Full year 2024 guidance is as follows:

Full Year 2024 Guidance

Revenue

$440m to $455m

Growth of 2% to 6%

(Previously: $450m to $470m)

Revenue Less Cost of Revenue

$200m to $210m

(Previously: $190m to $200m)

Adjusted EBITDA1

$(7.5)m to $2.5m

(Previously: $(20)m to $(10)m)

Gross Written Premium2

$460m to $470m

(Previously: $460m to $480m)

1

Adjusted EBITDA is a non-GAAP measure.

2

2024 gross written premium (“GWP”) guidance is stated as the expected full-year GWP for 2024 and is the total premium written by our licensed insurance carrier(s) (before deductions for reinsurance) and premiums from our home warranty offerings (for the face value of one year’s premium). Note, full-year 2023 GWP included approximately $45 million from EIG placed with third party carriers. Post divestiture of EIG, any sales to third-party carriers is no longer included in GWP reporting.

Porch Group is not providing reconciliations of expected Adjusted EBITDA for future periods to the most directly comparable measures prepared in accordance with GAAP because the Company is unable to provide these reconciliations without unreasonable effort because certain information necessary to calculate such measures on a GAAP basis is unavailable or dependent on the timing of future events outside of the Company’s control.

Conference Call

Porch Group management will host a conference call today November 7, 2024, at 5:00 p.m. Eastern time (2:00 p.m. Pacific time). The call will be accompanied by a slide presentation available on the Investor Relations section of the Company’s website at ir.porchgroup.com. A question-and-answer session will follow management’s prepared remarks.

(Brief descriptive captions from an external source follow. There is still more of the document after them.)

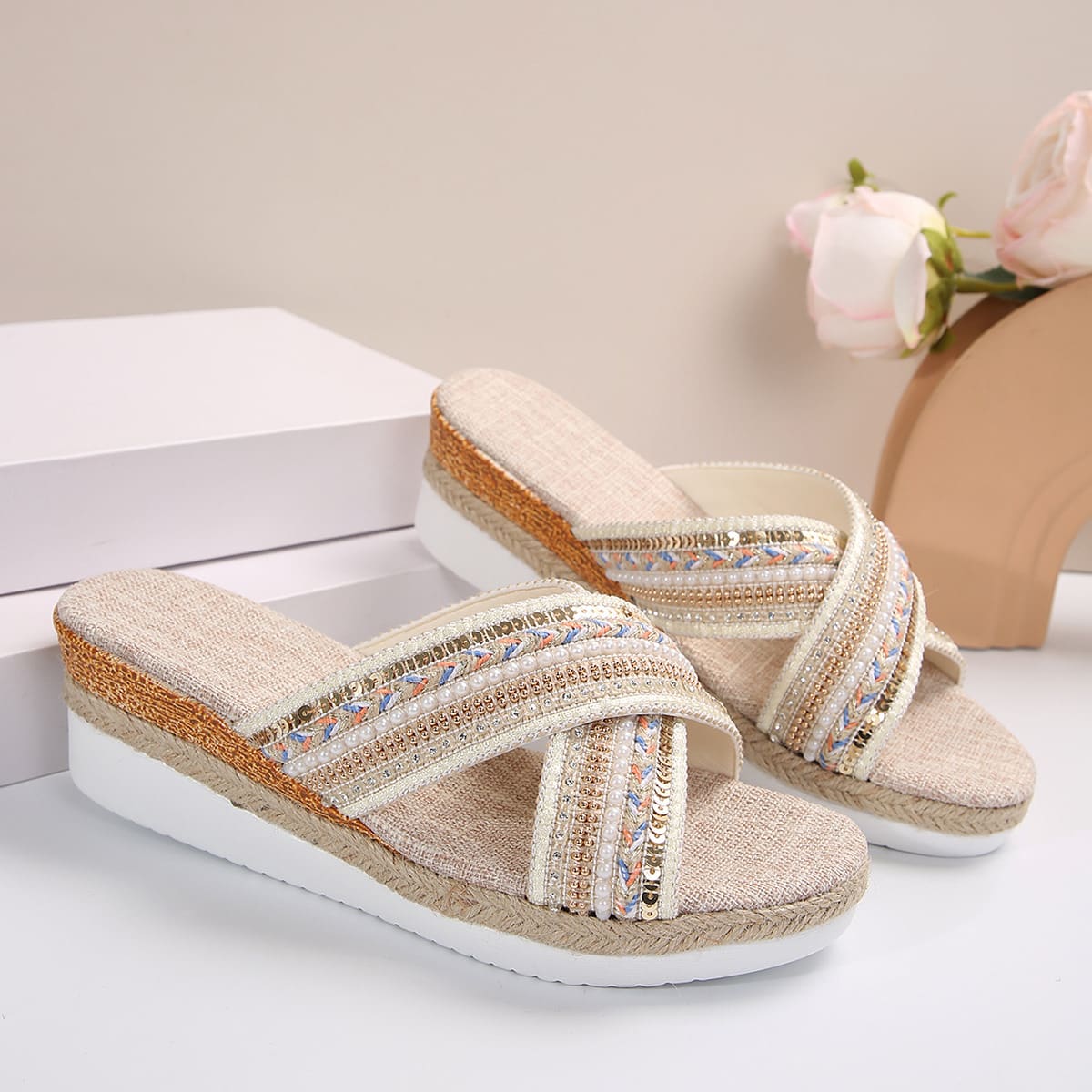 Linen Wedge Sandals Summer Ethnic Style Cross-strap Sandals For Women Non-slip Slides Beach Shoes view 4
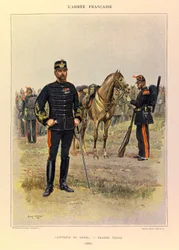 Tipos e uniformes da Armadura Francesa do Capitão Jules Richard, ilustrados por Edouard Detaille (1848-1912): Capitão do Gênio em grande farda em 1887, Coleção Privada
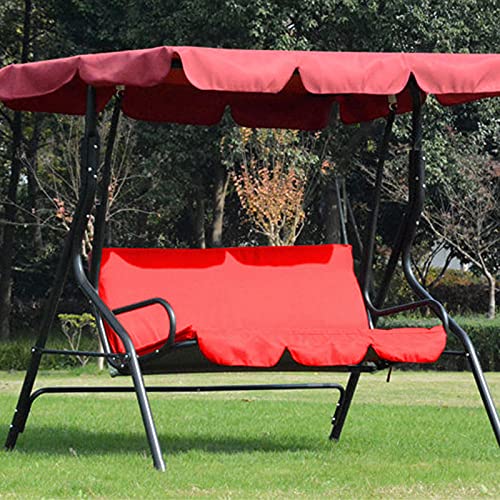 Garden Courtyard Outdoor Polyester Taffeta 3 Seats Swing Chair Hammock Seat Cushion Covers Gray Black Dark Blue Red Compatible with Swing Chair Seat Cushion (Red) - color: Red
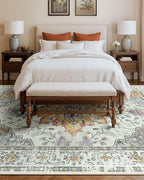 Area Rugs 9'x12' Washable Non-Slip, Floral Vintage Distress Print Pattern - Image 8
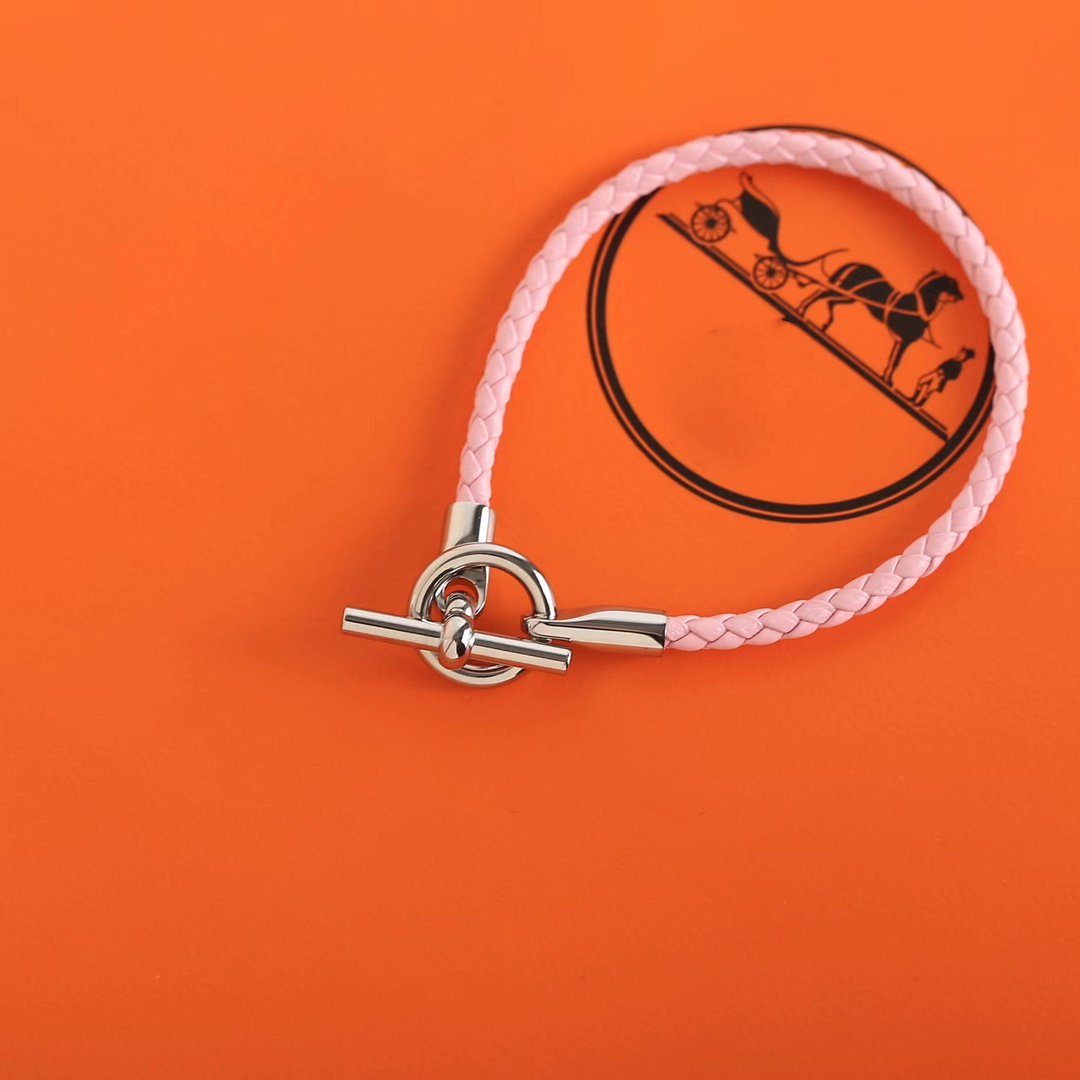HERMES GLENAN SILVER LEATHER BRACELET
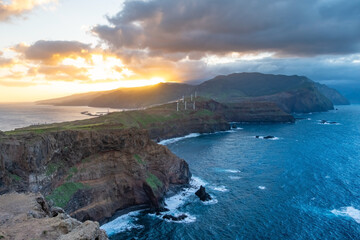 Sunset On Ponta de Sao Lourenco Madeira Portugal. Scenic mountain view of green landscape, cliffs and Atlantic Ocean. Travel background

All are invited to listen to the event by registering for the webinar, a replay of the webinar will also be available. See the Investor Relations section of the Porch Group’s corporate website at ir.porchgroup.com.

About Porch Group

Porch Group, Inc. (“Porch”) is a homeowners insurance and vertical software platform. Porch's strategy to win in homeowners insurance is to leverage unique data for advantaged underwriting, provide the best services for homebuyers, and protect the whole home. The long-term competitive moats that create this differentiation come from Porch's leadership in home services software-as-a-service and its deep relationships with approximately 30 thousand companies that are key to the home-buying transaction, such as home inspectors, mortgage, and title companies.

To learn more about Porch, visit ir.porchgroup.com.

Forward-Looking Statements

Certain statements in this release are considered forward-looking statements as defined by the Private Securities Litigation Reform Act of 1995. These statements are based on the beliefs and assumptions of management. Although we believe that our plans, intentions, and expectations reflected in or suggested by these forward-looking statements are reasonable, we cannot assure you that we will achieve or realize these plans, intentions, or expectations. Forward-looking statements are inherently subject to risks, uncertainties, and assumptions. Generally, statements that are not historical facts, including statements concerning our financial outlook and guidance, possible or assumed future actions, business strategies, events, or results of operations, are forward-looking statements. Forward-looking statements in this release also include expectations regarding whether the reciprocal is the optimal structure for our insurance business and the benefits financial and otherwise thereof, including any expectations that the reciprocal will result in higher margins and a more predictable financial profile and equip our insurance operations to scale profitably in the future These statements may be preceded by, followed by, or include the words “believe,” “estimate,” “expect,” “project,” “forecast,” “may,” “will,” “should,” “seek,” “plan,” “scheduled,” “anticipate,” “intend,” or similar expressions.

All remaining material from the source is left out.